> _EXERCISE_:
Copy out exactly the stretch below, from the line with "Breathing Tree Hotel" through the line with "20260105-fotos-kasper-8", both included; the pictures stay out.

> _SUPPLIED RECORDS_:
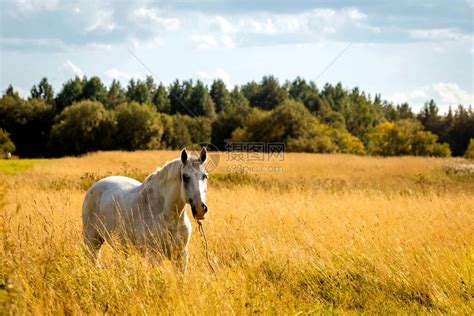 一匹白马的肖像在一片金色的草地上高清图片下载-正版图片504284696-摄图网
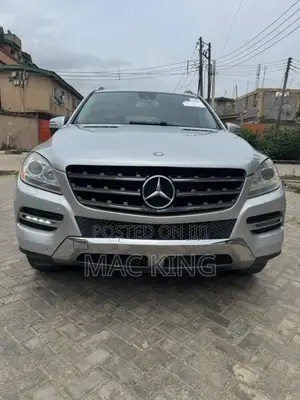 Mercedes-Benz M Class 2014 Silver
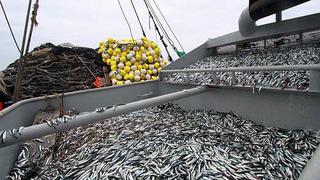 Perú es referente mundial en gestión pesquera, según Índice de Desempeño Ambiental 2022 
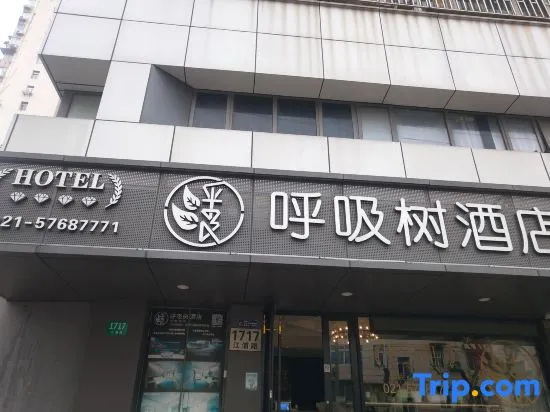 Breathing Tree Hotel (Shanghai Xinhua Hospital Jiangpu Road Subway Station Branch)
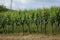 Grapevines in a wineyard.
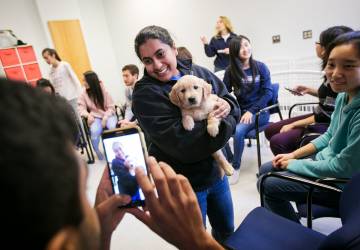 Students helped socialize two 6-week old golden retriever puppies as part of their class. The puppies, MATTOX and CHESSIE, are in training to become assistance dogs through the paws4people foundation. Photo by Megan Mendenhall/Duke Photography
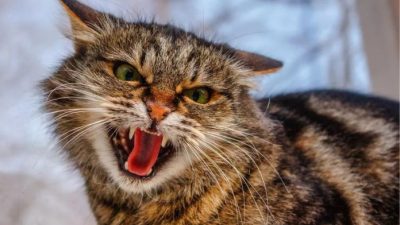 ¿Cómo saber si tu gato está sufriendo estrés? (y cómo evitarlo)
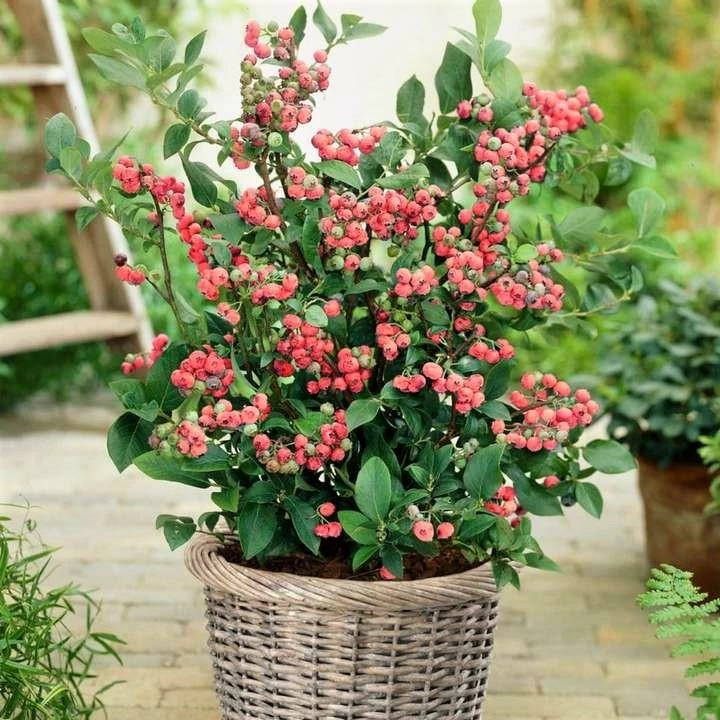 Roots Plants Unusual Berry Collection | 3x 3L Pots Fruits 7 Roots Plants Unusual Berry Collection | 3x 3L Pots Fruits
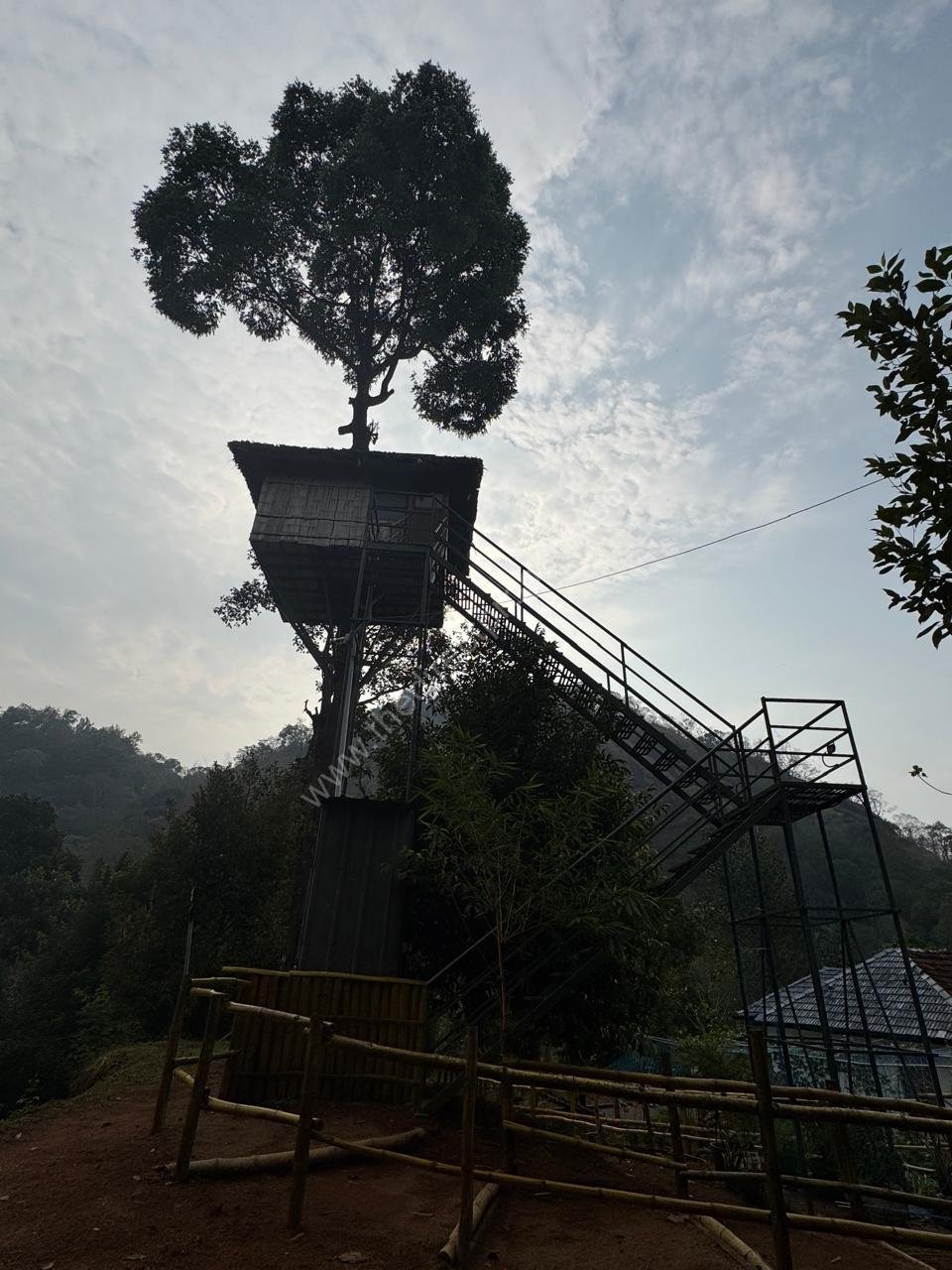 WhatsApp Image 2026-02-24 at 2.21.37 PM Green Hill Home Stay Munnar | home stay in Munnar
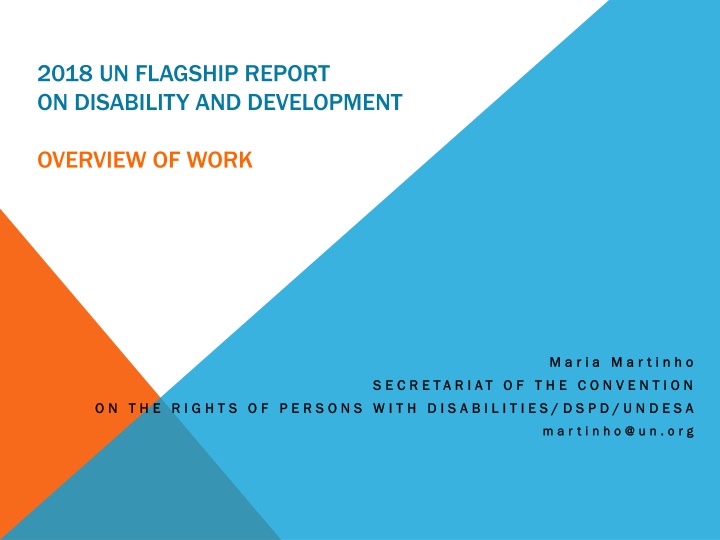 2018 un flagship report on disability n.w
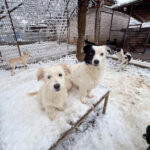 20260105-fotos-kasper-8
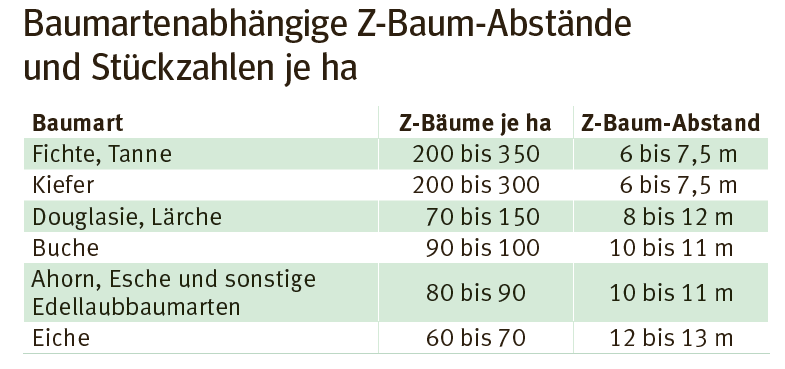 Z bäume.png © LK Kärnten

> _COMPLETED TASK_:
 Breathing Tree Hotel (Shanghai Xinhua Hospital Jiangpu Road Subway Station Branch)
 Grapevines in a wineyard.
 Students helped socialize two 6-week old golden retriever puppies as part of their class. The puppies, MATTOX and CHESSIE, are in training to become assistance dogs through the paws4people foundation. Photo by Megan Mendenhall/Duke Photography
 ¿Cómo saber si tu gato está sufriendo estrés? (y cómo evitarlo)
 Roots Plants Unusual Berry Collection | 3x 3L Pots Fruits 7 Roots Plants Unusual Berry Collection | 3x 3L Pots Fruits
 WhatsApp Image 2026-02-24 at 2.21.37 PM Green Hill Home Stay Munnar | home stay in Munnar
 2018 un flagship report on disability n.w
 20260105-fotos-kasper-8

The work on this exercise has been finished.